An analysis by the nonpartisan Committee for a Responsible Budget reveals that repealing the Affordable Care Act will likely cost the federal government at least $350 billion, and that doesn’t include the cost of replacing it.
"Repealing the entire ACA would leave no funds available for 'replace' legislation, and in fact would require further deficit reduction to avoid adding to the debt," the report notes.
The analysis also focuses only on the net cost to the federal government and doesn't consider the economic burden (which CNBC calls “the far bigger economic impact”) that will face insurers, hospitals, doctors, drug companies, and others in the existing health system. And of course, it doesn’t include an estimate of the financial impact on the 23 million Americans who will lose their health coverage if the ACA is repealed and not replaced.
While Kellyanne Conway, one of Trump’s senior advisors insisted Tuesday that no one who has health insurance now would permanently lose their coverage in the process, legislatures are poised to gut essential elements of the ACA immediately, even though many acknowledge it will be years before a replacement program can be put in place.
As Vox reports, Congress is set to attack ACA through what is known as the reconciliation process. Although it can only remove the parts of the act that impact the federal budget, this process would enable them to cut tax credits given to middle-income Americans to purchase coverage and repeal the expansion of Medicaid to low-income Americans. The main reason they’ll use this process instead of attempting to repeal the bill in one shot is because, legislation passed through the budget reconciliation process cannot be filibustered.
“So instead of coming up with a 60-vote majority, Republicans only need 51 votes to pass a reconciliation bill for repeal,” notes Vox's Sarah Kliff.
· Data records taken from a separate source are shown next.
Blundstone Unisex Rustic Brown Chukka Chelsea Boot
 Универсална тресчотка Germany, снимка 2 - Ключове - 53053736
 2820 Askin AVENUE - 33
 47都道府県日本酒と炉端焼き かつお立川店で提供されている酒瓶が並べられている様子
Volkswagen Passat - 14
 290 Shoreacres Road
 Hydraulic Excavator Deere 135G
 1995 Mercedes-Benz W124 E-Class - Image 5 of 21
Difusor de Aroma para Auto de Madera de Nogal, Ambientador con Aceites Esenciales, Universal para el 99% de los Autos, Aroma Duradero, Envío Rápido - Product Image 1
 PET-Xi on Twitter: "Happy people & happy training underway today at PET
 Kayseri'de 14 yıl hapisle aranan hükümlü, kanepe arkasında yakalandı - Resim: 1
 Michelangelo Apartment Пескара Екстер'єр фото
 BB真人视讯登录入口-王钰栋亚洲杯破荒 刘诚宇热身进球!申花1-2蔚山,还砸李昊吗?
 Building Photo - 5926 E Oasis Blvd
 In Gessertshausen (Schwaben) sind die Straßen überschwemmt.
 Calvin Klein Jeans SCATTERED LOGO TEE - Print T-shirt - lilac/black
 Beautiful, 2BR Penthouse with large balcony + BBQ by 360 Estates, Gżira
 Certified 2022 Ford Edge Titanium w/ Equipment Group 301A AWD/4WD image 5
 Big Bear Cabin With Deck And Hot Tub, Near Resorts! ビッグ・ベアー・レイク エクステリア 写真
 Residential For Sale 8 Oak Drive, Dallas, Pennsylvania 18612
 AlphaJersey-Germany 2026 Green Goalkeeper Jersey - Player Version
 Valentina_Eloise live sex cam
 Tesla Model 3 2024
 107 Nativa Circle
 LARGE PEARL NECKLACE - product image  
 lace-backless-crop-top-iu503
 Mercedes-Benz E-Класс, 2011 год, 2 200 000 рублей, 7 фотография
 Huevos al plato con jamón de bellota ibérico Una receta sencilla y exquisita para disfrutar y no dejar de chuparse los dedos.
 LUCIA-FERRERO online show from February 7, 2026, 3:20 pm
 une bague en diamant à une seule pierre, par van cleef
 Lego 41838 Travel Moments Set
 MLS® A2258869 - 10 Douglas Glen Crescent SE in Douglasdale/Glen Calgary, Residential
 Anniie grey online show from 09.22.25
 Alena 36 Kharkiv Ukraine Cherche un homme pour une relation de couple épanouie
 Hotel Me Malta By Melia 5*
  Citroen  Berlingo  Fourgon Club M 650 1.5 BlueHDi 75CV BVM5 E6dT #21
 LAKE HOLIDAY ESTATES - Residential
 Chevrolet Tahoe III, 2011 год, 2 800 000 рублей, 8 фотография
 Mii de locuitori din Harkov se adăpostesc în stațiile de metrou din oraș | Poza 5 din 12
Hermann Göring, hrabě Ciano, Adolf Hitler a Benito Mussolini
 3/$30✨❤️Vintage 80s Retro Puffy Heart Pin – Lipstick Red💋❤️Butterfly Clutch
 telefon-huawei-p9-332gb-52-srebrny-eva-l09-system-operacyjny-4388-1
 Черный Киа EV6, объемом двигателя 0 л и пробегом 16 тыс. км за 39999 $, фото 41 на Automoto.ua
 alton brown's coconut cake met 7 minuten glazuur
The Medicaid expansion has enabled many HIV-positive people who previously had no access to care to get on treatment, so its loss could dramatically impact the health of those with HIV and the fight to prevent the spread of the virus.
Most of the program’s opponents maintain that eliminating key elements of Obamacare (subsidies for individual health insurance and expansion of Medicaid) would save up to a trillion dollars. But this new analysis points out that the ACA also includes dozens of other provisions that cut other costs and raises revenues to pay for these programs. A full repeal would actually eliminate both those savings and sources of government income.
For example, the law raised taxes to help pay for itself, but those taxes have been unpopular and lobbyists like the U.S. Chamber of Commerce and the insurance industry's trade association, American Health Insurance Plans, for example, are pushing to repeal them. But, eliminating those taxes would cost the government $800 billion over 10 years, the committee said.
Joe Antos, a health policy expert at the conservative-leaning American Enterprise Institute told NBC News that Republicans need to avoid dropping taxes on high-income earners (those who make over $200,000 a year), while eliminating lower-income people's health insurance.
"They can't afford to drop that unless they can afford to come up with that money," Antos said. "Whatever they do to replace [the ACA] they're going to need some money."